A recent publication in the international trade journal, Pregnancy Hypertension, documented the results of the pilot study of 103 patients. The study showed fewer clinic visits, fewer ultrasounds and fewer admissions related to hypertension in the SAFE@Home group, compared to patients who received regular care. The pregnancy outcomes remained the same.
Both the pregnant women and the professionals were very positive about working with SAFE@Home; pregnant women also indicated that they felt safer with this form of monitoring. Bekker: “Via SAFE@Home, we can monitor the well-being of patients more effectively. This enables us to take appropriate action to prevent unnecessary hospital visits, diagnostics and probably even admissions“.
Follow-up study SAFE@Home II
After an initial pilot study, the SAFE@Home II follow-up study will begin in October, and several hospitals will be able to participate in the program. Bekker: “This will give us a good insight into aspects concerning upscaling and implementation, as well as the effect on medical outcomes. Since the COVID-19 pandemic, we have also witnessed an additional need for “the right care in the right place”, and telemonitoring such as SAFE@Home contributes to this“. The Prevention Early Diagnosis and E-Health Foundation, and Health Holland, a program of the Top Sector Life Science and Health, are making a research and development subsidy available for this purpose. UMC Utrecht is coordinating the study.
Jeroen Bosch Hospital first participant
Dr. Jacques Dirken, gynaecologist at the Jeroen Bosch Hospital, explains the participation of SAFE@Home within the Jeroen Bosch Hospital. “Just like in Utrecht, we already worked with remote CTGs (heart monitors) to keep an eye on the baby in the womb, with SAFE@Home we can also monitor the mother’s blood pressure. These are two important parameters for monitoring a pregnancy, and now we can do both from home. This is a fantastic innovation, which means we can anticipate possible complications more quickly and reduce the need for pregnant women to visit the hospital”.
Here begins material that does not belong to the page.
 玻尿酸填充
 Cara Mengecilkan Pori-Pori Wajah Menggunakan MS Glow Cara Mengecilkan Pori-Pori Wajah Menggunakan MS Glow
Gynaecologist Dirken expects approximately 50 patients from the Jeroen Bosch Hospital to participate in the study. With the implementation of this modern care, more control is also given to the patient. “As pregnant women now regularly measure their blood pressure and complete a questionnaire, they learn to assess what the values mean. Because of this insight, I expect them to be more actively involved in their pregnancy and the care that surrounds it”.